I farmaci utilizzati con questa tecnica necessitano dell'utilizzo di apparecchi generatori di aerosol, dove il farmaco e il liquido di supporto immessi nell'ampolla vengono trasformati in una “nebbiolina” – chiamata appunto aerosol – che, una volta respirata, raggiunge direttamente le parti interessate”.

Quando fare l'aerosol?

“L'indicazione clinica è verso le patologie che coinvolgono l'apparato respiratorio dei nostri bambini che possono presentare problemi come le infiammazioni acute come laringiti, tracheiti e bronchiti acute, oppure malattie croniche come l'asma bronchiale”.

Questi utilizzi dell'aerosol si ritrovano nelle linee guida alle terapie inalatorie stilate dalla Società italiana per le malattie respiratorie infantili.

Quando serve l’indicazione medica a guidare l’aerosolterapia

“Parlando di farmaci, l'indicazione medica è necessaria – chiarisce lo specialista -. Questo perché non siamo di fronte alla semplice vaporizzazione di acqua calda, magari commista a erbe naturali, come si faceva un tempo per far respirare meglio il bambino (i famosi “fumenti”).

In questo caso rendiamo l'aerosol un sistema di trasmissione efficace del farmaco in modalità aerosolica e dove c'è il farmaco, c'è prescrizione medica.

Solo nel caso di situazioni cliniche che si ripetono nel tempo, come di fronte a episodi lievi di asma bronchiale, i genitori sono educati a intervenire con più autonomia, nel ripetersi di un atto consolidato”.

Gli usi impropri

“Quanto a eventuali usi impropri dell'aerosolterapia, accennerei a un uso distorto dello strumento in caso, ad esempio, di sinusite, quando si usa erroneamente la maschera in luogo delle più specifiche cannule nasali oppure del micronizzatore per docce nasali, che, inseriti all'ingresso delle narici, consentono di  mirare correttamente al bersaglio. Sempre a proposito delle vie aeree superiori, va ricordato che si rendono necessarie apparecchiature con compressore in quanto sono in grado di erogare delle particelle un po' più grandi affinché l'aerosol generato abbia le caratteristiche fisiche idonee per le vie aeree superiori”.

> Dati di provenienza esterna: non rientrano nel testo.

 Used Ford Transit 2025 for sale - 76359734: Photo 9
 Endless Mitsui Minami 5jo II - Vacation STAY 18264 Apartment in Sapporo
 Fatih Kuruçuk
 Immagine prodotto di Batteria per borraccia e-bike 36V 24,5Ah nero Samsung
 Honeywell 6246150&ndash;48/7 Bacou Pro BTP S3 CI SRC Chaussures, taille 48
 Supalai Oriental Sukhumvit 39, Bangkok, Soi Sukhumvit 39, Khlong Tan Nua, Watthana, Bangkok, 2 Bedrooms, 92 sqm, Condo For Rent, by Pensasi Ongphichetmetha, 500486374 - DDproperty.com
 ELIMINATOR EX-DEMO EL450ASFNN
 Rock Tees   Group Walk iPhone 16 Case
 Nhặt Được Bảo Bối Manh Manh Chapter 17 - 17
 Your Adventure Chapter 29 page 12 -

Anche questi utilizzi dell'aerosol si ritrovano nelle linee guida alle terapie inalatorie stilate dalla Società italiana per le malattie respiratorie infantili.

“Altro esempio di uso errato è quello degli spray quando non vengono somministrati con il distanziatore”.

Gli apparecchi per l’aerosolterapia per i bambini

“Anche per la scelta dell'apparecchio è meglio avere un parere tecnico – suggerisce il broncopneumologo -.

Sul mercato si trovano diversi erogatori di aerosol, ma è bene sempre confrontarsi con il professionista.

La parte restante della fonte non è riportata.